--- EXTRACTED MATERIAL Enclosed Below ---

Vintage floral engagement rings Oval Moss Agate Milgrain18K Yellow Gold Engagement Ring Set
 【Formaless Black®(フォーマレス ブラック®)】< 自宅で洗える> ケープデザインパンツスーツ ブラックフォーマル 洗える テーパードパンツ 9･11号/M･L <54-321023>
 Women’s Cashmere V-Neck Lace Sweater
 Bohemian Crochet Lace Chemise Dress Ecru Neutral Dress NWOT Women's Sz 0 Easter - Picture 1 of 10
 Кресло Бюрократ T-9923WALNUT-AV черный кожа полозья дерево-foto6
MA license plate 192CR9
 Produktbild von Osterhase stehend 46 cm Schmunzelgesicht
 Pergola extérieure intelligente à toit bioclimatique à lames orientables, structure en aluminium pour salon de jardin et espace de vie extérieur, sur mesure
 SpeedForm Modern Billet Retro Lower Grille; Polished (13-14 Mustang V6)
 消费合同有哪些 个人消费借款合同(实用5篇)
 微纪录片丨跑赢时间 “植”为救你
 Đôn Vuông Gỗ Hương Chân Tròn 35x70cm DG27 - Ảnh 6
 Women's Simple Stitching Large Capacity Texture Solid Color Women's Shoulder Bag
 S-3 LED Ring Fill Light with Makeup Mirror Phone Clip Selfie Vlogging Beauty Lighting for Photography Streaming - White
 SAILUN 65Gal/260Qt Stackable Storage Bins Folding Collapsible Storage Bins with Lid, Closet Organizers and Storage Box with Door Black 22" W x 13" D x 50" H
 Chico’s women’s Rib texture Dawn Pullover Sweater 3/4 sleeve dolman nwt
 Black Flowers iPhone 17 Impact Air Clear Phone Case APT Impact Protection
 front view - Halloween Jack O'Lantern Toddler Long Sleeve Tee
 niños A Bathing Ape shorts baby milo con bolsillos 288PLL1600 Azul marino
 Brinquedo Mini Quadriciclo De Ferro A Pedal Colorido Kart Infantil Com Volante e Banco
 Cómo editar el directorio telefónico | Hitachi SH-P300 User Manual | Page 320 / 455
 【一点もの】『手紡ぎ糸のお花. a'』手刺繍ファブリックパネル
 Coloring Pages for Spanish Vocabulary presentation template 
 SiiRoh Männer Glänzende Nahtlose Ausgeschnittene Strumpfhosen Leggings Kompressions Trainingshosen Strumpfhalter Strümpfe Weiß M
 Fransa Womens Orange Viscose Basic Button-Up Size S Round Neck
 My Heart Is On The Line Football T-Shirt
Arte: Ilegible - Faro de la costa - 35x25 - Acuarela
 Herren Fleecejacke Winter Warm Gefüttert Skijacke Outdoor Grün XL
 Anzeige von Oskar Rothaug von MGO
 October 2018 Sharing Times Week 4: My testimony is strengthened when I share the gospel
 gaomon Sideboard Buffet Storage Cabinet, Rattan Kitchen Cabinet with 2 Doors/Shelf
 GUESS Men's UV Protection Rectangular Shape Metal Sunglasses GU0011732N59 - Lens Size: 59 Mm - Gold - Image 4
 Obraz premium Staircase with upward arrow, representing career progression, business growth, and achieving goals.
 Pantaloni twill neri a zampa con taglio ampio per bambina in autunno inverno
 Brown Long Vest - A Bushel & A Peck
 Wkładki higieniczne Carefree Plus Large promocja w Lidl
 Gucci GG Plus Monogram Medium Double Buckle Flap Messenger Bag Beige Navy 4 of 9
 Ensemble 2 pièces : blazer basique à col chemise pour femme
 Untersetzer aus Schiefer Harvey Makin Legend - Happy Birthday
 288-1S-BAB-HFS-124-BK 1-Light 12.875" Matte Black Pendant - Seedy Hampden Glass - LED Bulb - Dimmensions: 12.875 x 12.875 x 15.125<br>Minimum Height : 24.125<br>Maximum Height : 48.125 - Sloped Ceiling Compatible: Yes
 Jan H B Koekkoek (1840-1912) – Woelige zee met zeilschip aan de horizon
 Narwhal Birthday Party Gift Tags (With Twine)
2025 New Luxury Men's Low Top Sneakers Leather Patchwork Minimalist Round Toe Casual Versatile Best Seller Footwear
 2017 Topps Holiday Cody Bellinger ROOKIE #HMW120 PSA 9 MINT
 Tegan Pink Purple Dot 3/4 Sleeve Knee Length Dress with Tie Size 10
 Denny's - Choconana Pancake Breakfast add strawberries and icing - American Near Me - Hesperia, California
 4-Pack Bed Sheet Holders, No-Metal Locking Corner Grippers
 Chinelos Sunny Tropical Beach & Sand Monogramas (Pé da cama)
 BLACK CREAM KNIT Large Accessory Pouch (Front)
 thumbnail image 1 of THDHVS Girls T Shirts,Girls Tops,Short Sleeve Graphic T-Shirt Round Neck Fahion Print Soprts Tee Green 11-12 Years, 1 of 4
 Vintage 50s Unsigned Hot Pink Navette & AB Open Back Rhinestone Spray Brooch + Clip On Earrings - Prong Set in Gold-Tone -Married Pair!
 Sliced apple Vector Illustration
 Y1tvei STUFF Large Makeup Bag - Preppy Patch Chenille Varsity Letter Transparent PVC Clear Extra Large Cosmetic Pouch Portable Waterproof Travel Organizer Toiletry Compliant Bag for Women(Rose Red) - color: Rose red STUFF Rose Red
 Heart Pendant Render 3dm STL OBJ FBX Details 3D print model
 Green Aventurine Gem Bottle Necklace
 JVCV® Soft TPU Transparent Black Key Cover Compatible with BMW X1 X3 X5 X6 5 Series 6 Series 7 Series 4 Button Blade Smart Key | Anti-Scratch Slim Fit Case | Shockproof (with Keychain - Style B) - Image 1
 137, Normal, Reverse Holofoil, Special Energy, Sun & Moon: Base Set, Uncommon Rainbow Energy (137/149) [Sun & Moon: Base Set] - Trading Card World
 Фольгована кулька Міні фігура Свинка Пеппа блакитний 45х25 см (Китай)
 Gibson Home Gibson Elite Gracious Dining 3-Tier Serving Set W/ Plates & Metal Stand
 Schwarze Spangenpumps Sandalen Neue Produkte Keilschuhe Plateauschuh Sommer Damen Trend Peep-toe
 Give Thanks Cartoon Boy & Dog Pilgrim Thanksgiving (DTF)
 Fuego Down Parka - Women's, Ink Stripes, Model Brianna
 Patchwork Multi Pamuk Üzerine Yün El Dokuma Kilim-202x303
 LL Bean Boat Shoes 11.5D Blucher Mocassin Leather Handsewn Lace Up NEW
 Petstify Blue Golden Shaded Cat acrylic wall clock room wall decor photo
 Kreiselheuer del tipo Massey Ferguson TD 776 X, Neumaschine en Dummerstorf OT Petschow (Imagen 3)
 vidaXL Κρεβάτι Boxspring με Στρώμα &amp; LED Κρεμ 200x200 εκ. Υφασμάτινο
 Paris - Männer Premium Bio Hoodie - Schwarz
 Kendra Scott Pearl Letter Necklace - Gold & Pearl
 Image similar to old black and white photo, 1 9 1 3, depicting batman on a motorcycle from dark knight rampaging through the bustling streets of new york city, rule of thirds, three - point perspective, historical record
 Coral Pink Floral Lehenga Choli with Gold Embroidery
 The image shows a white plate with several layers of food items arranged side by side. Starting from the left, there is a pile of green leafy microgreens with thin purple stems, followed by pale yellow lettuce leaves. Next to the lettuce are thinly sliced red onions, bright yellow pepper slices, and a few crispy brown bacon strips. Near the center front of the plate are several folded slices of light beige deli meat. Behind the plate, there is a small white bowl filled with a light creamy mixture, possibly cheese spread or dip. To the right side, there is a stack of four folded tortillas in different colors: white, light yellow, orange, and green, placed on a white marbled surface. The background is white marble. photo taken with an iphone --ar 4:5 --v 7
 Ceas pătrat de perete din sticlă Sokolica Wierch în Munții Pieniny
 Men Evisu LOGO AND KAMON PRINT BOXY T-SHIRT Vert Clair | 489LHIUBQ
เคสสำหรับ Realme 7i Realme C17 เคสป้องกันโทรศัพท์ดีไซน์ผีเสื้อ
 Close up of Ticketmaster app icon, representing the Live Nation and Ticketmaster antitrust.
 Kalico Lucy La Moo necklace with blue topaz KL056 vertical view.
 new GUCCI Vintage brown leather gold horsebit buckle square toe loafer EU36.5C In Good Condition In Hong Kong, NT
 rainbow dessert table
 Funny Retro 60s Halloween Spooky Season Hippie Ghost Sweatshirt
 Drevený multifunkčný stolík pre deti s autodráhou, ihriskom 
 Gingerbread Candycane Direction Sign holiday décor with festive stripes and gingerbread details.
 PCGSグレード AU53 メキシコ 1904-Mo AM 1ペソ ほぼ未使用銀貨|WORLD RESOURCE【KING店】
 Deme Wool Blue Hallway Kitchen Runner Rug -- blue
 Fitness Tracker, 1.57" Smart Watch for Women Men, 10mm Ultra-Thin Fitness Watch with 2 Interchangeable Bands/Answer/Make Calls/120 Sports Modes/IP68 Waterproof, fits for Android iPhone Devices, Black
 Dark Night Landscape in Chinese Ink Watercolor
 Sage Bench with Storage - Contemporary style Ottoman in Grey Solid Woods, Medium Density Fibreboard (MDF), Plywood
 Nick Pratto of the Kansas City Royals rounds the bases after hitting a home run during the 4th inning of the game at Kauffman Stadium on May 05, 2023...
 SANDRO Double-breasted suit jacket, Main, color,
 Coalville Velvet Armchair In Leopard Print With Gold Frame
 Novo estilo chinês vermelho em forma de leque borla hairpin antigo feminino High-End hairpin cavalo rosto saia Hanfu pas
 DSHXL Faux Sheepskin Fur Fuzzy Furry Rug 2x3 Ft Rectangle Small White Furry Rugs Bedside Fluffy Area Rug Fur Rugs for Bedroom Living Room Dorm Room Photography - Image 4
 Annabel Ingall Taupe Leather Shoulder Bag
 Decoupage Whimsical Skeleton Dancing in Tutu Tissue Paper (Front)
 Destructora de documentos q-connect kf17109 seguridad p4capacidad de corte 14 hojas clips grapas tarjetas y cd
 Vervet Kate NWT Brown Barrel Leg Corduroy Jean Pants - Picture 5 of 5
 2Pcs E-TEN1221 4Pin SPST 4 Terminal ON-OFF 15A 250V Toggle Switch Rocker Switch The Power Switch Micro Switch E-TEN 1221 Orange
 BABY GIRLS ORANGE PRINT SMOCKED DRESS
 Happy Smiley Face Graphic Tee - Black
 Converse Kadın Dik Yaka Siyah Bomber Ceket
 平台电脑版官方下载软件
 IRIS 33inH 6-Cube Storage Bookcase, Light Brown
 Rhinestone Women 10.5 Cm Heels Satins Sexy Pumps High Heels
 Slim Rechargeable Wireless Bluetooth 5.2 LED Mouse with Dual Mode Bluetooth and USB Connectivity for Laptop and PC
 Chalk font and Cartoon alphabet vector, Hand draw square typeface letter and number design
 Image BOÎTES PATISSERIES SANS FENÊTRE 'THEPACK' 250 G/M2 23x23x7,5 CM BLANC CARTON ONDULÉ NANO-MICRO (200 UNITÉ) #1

--- End of Enclosed EXTRACTED MATERIAL ---

Word for word, repeat the line holding "Annabel Ingall Taupe Leather Shoulder Bag" and all lines after it through the end of the entries above.

 Annabel Ingall Taupe Leather Shoulder Bag
 Decoupage Whimsical Skeleton Dancing in Tutu Tissue Paper (Front)
 Destructora de documentos q-connect kf17109 seguridad p4capacidad de corte 14 hojas clips grapas tarjetas y cd
 Vervet Kate NWT Brown Barrel Leg Corduroy Jean Pants - Picture 5 of 5
 2Pcs E-TEN1221 4Pin SPST 4 Terminal ON-OFF 15A 250V Toggle Switch Rocker Switch The Power Switch Micro Switch E-TEN 1221 Orange
 BABY GIRLS ORANGE PRINT SMOCKED DRESS
 Happy Smiley Face Graphic Tee - Black
 Converse Kadın Dik Yaka Siyah Bomber Ceket
 平台电脑版官方下载软件
 IRIS 33inH 6-Cube Storage Bookcase, Light Brown
 Rhinestone Women 10.5 Cm Heels Satins Sexy Pumps High Heels
 Slim Rechargeable Wireless Bluetooth 5.2 LED Mouse with Dual Mode Bluetooth and USB Connectivity for Laptop and PC
 Chalk font and Cartoon alphabet vector, Hand draw square typeface letter and number design
 Image BOÎTES PATISSERIES SANS FENÊTRE 'THEPACK' 250 G/M2 23x23x7,5 CM BLANC CARTON ONDULÉ NANO-MICRO (200 UNITÉ) #1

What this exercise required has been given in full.